Not that it can possibly last, because speaking of sex, Tessa Virtue and Scott Moir are back with a Moulin Rouge-inspired routine. And I keep talking about this and I keep getting it wrong, but THIS is actually the performance with the “Super Bowl Crotch in the Face Tackle.” It was never going to be in the short program because I am A Idiot who knows nothing about figure skating.

Anyway, Virtue and Moir actually include a variation on this lift, but tame it somewhat, making it is less: I-Am-Going-To-Put-My-Crotch-On-Your-Face-Now-And-You’re-Going-To-Like-It and more: Whoops-How-Did-My-Crotch-Get-On-Your-Face-Please-Excuse-Me-And-I’ll-Climb-Down-From-Here-Now.

Anyway, their routine is characteristically sexy and spirited and these two just are heads and shoulders and crotches above all the other teams because none of the other teams are fucking.

They 118.10, and win the Gold for Canada.

Silver goes to the Olympic Athletes of Russia — but NOT TO RUSSIA, BECAUSE GO SUCK EGGS, PUTIN.

And Team USA wins the Bronze.

And now I don’t have to think about Ice Dancing again for a whole week, yay, me.

As for the other sports that we spend a marginal amount of time on:

Luge.
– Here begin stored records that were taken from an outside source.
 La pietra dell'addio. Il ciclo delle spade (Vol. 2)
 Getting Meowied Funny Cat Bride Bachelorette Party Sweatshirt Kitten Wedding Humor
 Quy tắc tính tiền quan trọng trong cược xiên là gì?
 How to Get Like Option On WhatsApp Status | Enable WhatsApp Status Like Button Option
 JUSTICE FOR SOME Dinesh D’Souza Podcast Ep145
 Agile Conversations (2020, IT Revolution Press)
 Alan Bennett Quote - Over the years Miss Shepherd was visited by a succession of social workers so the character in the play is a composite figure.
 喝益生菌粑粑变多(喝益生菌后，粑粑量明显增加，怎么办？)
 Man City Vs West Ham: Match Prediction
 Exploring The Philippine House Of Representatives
Luge is terrifying. Maybe not quite as terrifying as Skeleton, but it’s still really terrifying. And Americans? We’re not good at Luge. In fact, we’ve never won a single medal in Men’s Single Luge. Luge is HUGE in Germany, where, apparently, they use luge sleds to get around their country. In fact, if you look at who has won the most medals in luge, it’s literally:

  1. Germany
  2. East Germany
  3. Italy
  4. Austria
  5. The United Team of Germany
  6. West Germany

Of the 129 medals that have ever been awarded in luge, 85 of them belong to one German or another.

And that’s why it’s a big deal when Chris Mazdzer of the United States manages to eek out a Silver medal, and what prompts someone in his cheering squad to lose all common sense, strip off her clothes and cheer him on thusly:

GURL, PUT ON YOUR CLOTHES. IT IS 9 DEGREES OUTSIDE AND YOU ARE MAKING ME COLD.

nyway, as I was saying while fully clothed: yay Chris Mazdzer! USA! USA! etc.

But Chris’ win and story is not just about nationalistic pride, it’s also a reminder that these international competitions are also about sportsmanship and international cooperation. If you’re looking to be moved, read this amazing story about how when Mazdzer was in a recent slump at the World Cup, a Russian athlete offered him use of his luge sled. Russians: they’re not all evil!

One last note about the Men’s Single Luge event, both of these men won medals in the event, but only one of them is Chris Mazdzer. Can you figure out which one?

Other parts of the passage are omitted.